- What you need to do
Repeat every entry exactly. Do not include the pictures.

- Data supplied

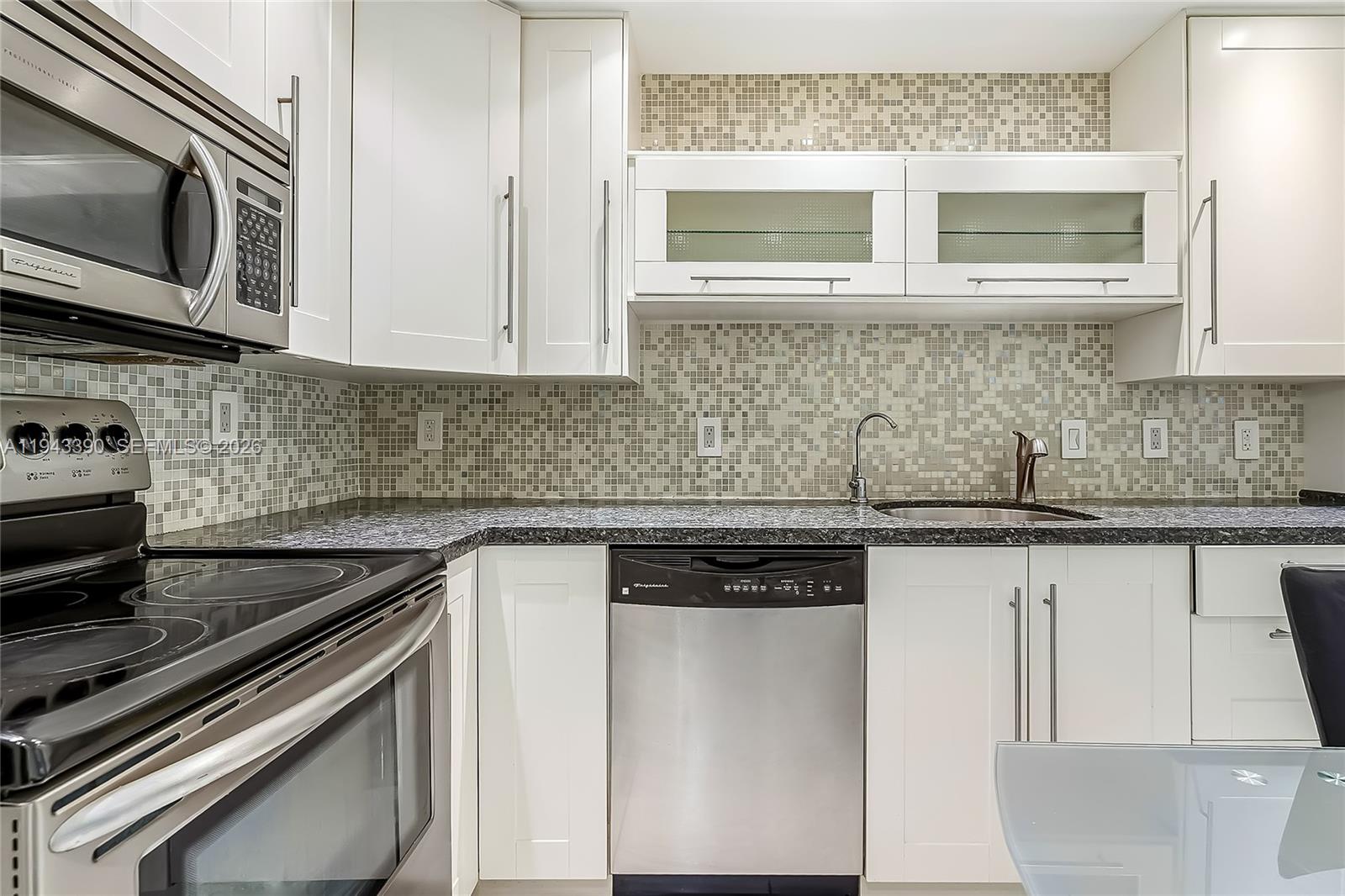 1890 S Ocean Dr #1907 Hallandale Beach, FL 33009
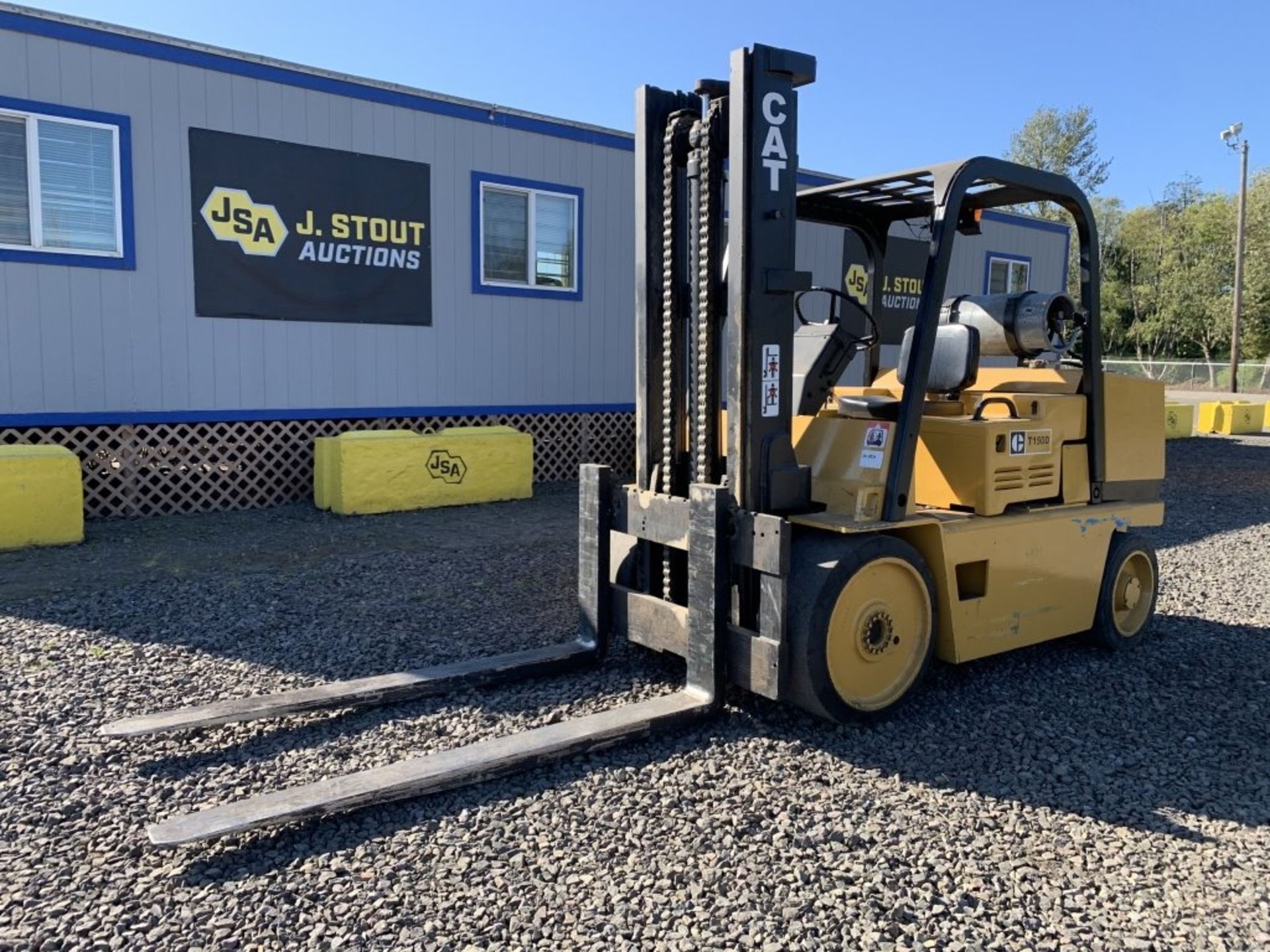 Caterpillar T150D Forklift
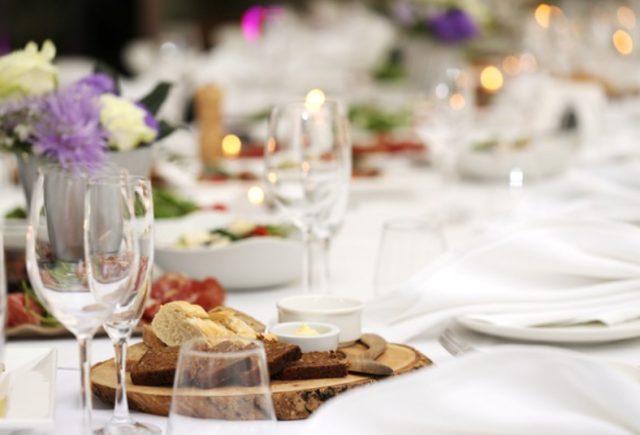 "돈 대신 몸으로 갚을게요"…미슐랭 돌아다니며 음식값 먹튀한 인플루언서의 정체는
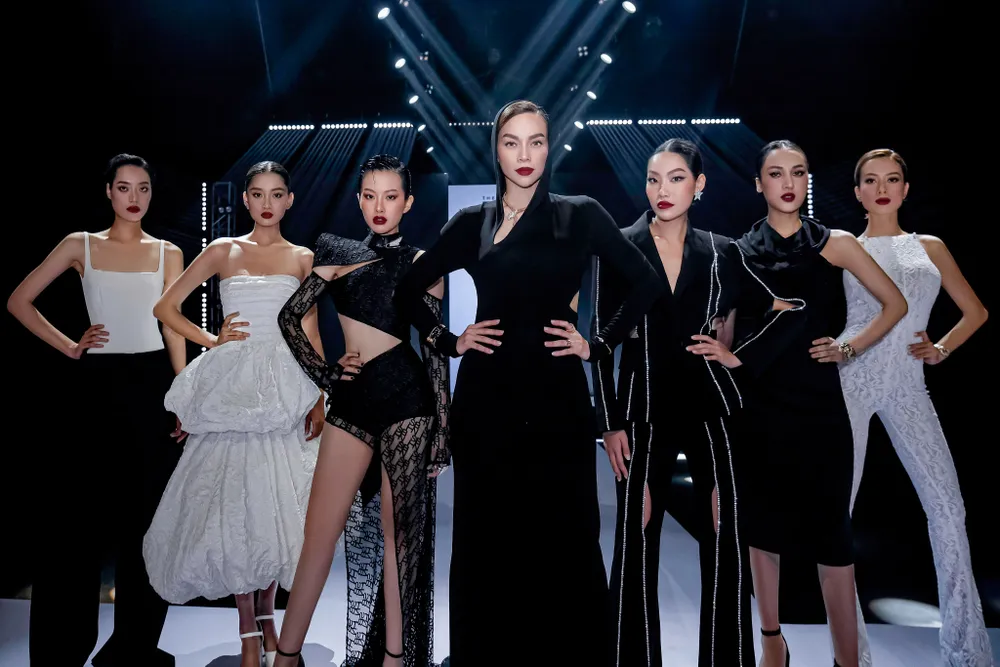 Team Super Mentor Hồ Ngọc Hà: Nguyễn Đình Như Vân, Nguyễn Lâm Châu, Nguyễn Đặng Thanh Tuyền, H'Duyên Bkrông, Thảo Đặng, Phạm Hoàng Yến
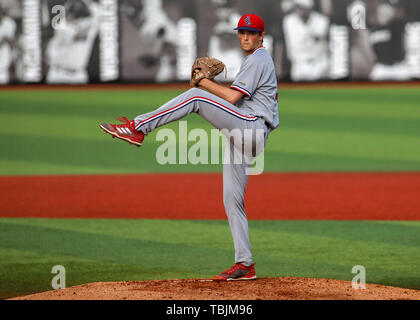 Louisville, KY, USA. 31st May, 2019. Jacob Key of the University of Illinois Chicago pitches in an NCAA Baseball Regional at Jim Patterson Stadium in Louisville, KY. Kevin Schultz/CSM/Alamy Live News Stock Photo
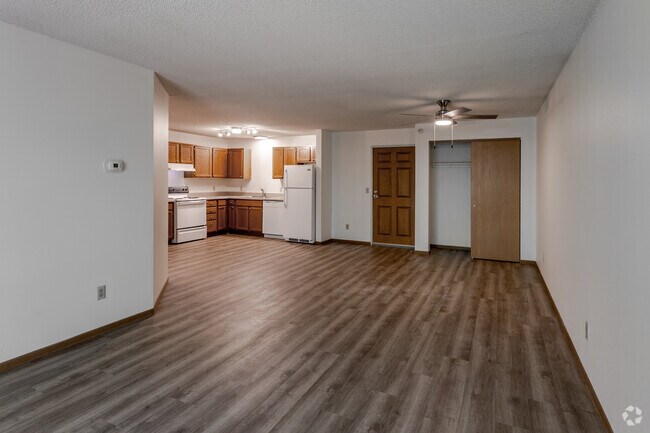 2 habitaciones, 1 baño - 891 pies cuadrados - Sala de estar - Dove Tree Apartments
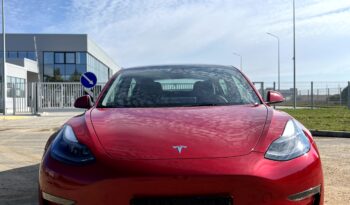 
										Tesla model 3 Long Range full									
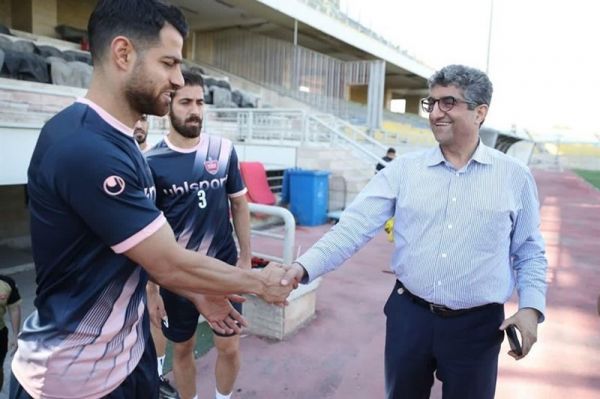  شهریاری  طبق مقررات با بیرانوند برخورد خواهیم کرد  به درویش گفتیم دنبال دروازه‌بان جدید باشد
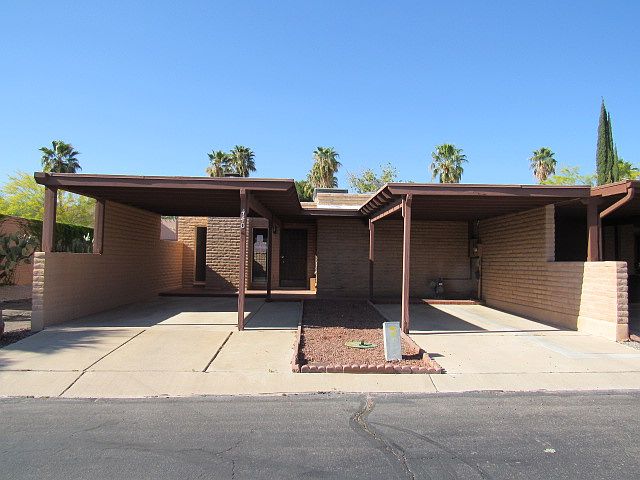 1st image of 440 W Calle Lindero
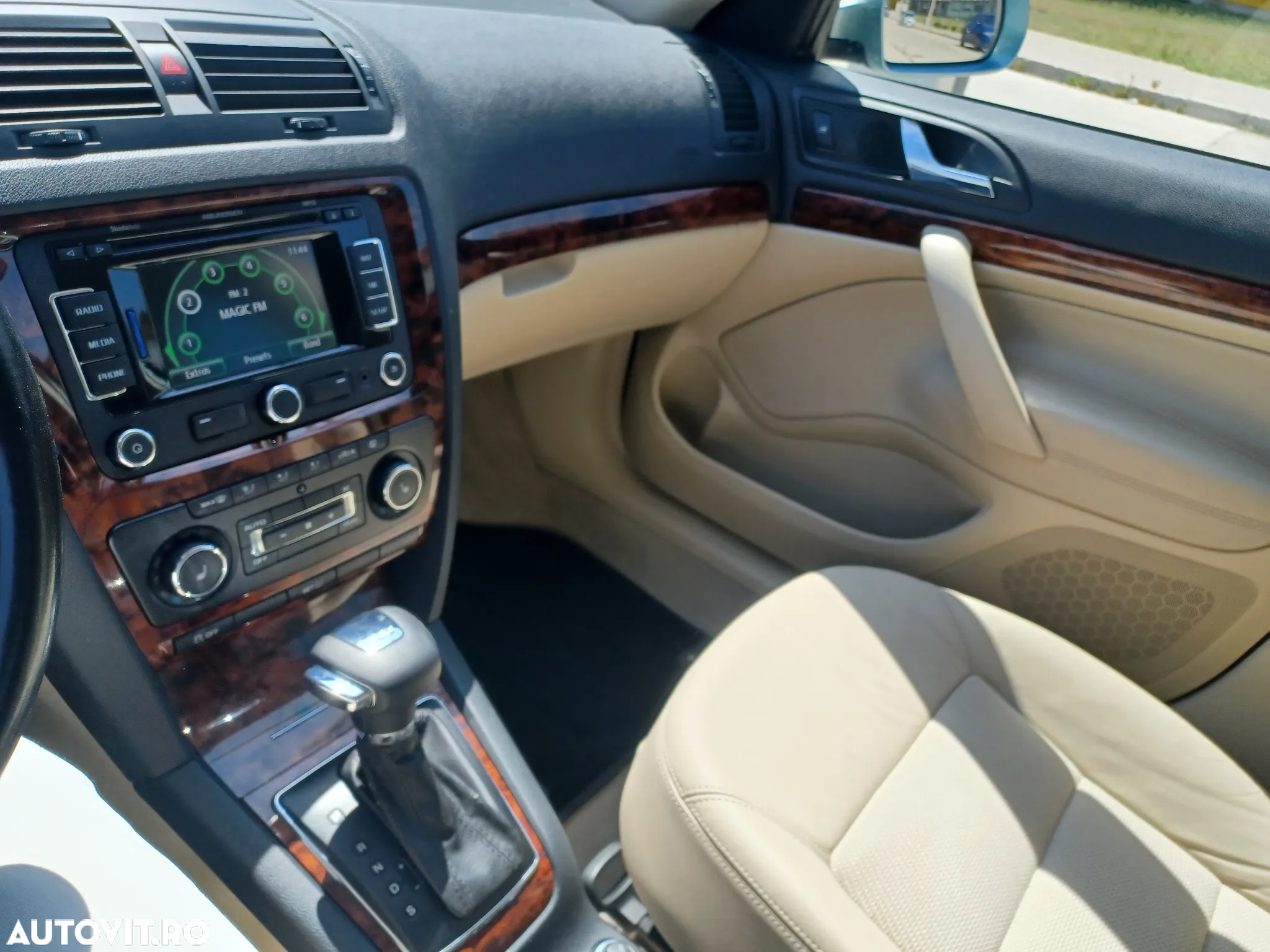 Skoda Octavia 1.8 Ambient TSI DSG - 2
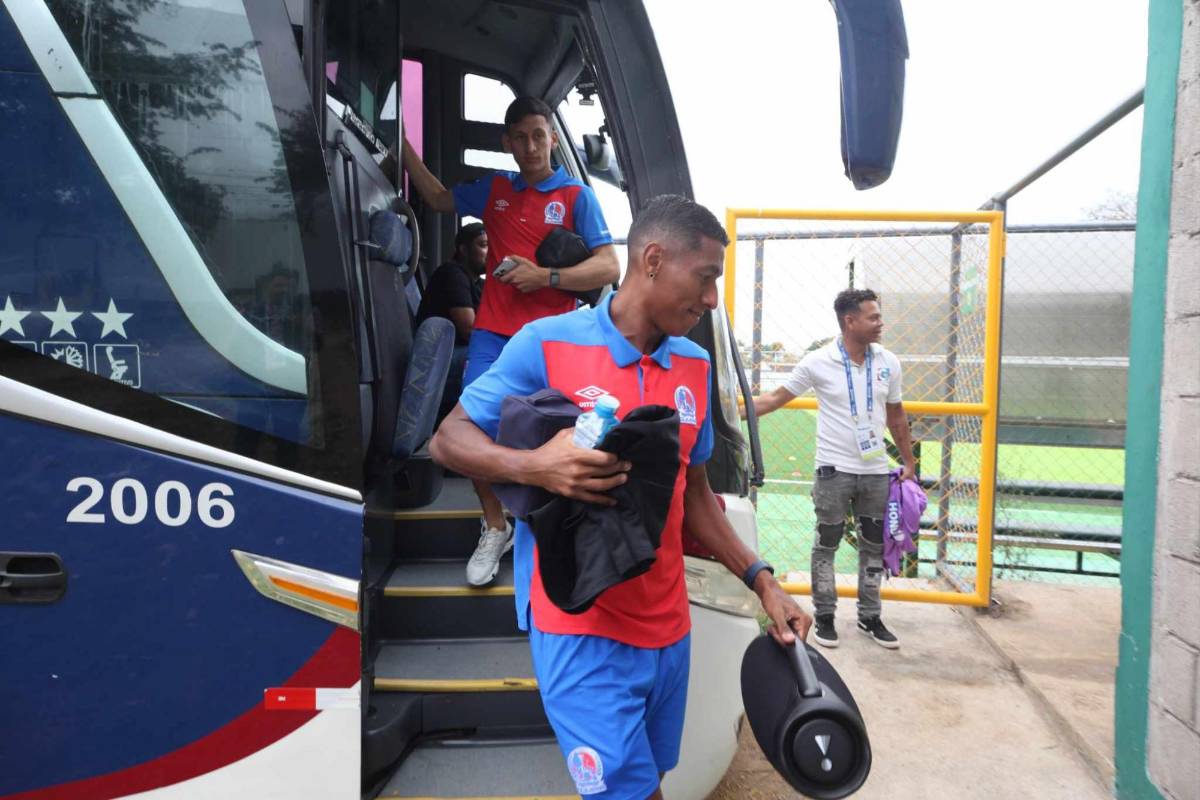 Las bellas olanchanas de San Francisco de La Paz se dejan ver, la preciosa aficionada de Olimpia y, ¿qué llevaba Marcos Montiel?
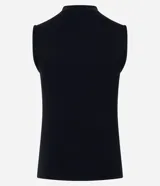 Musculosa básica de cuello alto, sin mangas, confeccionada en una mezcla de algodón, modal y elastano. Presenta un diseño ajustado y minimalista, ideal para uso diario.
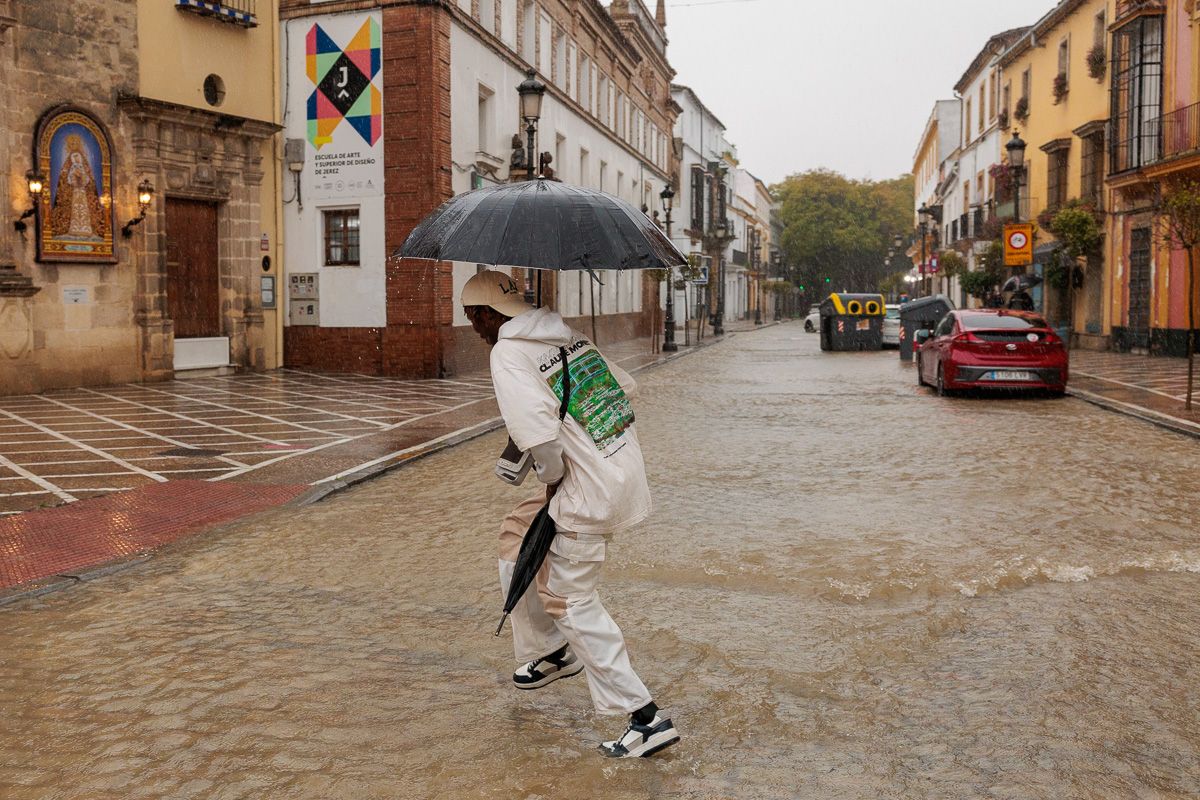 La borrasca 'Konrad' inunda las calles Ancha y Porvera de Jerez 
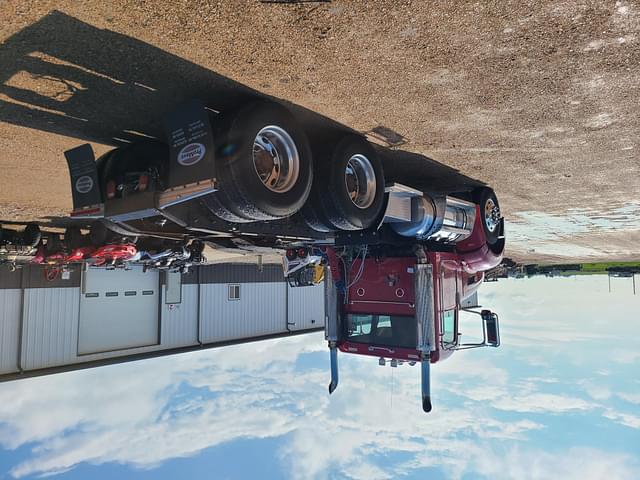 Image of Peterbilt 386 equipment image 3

- Task output
 1890 S Ocean Dr #1907 Hallandale Beach, FL 33009
 Caterpillar T150D Forklift
 "돈 대신 몸으로 갚을게요"…미슐랭 돌아다니며 음식값 먹튀한 인플루언서의 정체는
 Team Super Mentor Hồ Ngọc Hà: Nguyễn Đình Như Vân, Nguyễn Lâm Châu, Nguyễn Đặng Thanh Tuyền, H'Duyên Bkrông, Thảo Đặng, Phạm Hoàng Yến
 Louisville, KY, USA. 31st May, 2019. Jacob Key of the University of Illinois Chicago pitches in an NCAA Baseball Regional at Jim Patterson Stadium in Louisville, KY. Kevin Schultz/CSM/Alamy Live News Stock Photo
 2 habitaciones, 1 baño - 891 pies cuadrados - Sala de estar - Dove Tree Apartments
										Tesla model 3 Long Range full									
  شهریاری  طبق مقررات با بیرانوند برخورد خواهیم کرد  به درویش گفتیم دنبال دروازه‌بان جدید باشد
 1st image of 440 W Calle Lindero
 Skoda Octavia 1.8 Ambient TSI DSG - 2
 Las bellas olanchanas de San Francisco de La Paz se dejan ver, la preciosa aficionada de Olimpia y, ¿qué llevaba Marcos Montiel?
 Musculosa básica de cuello alto, sin mangas, confeccionada en una mezcla de algodón, modal y elastano. Presenta un diseño ajustado y minimalista, ideal para uso diario.
 La borrasca 'Konrad' inunda las calles Ancha y Porvera de Jerez 
 Image of Peterbilt 386 equipment image 3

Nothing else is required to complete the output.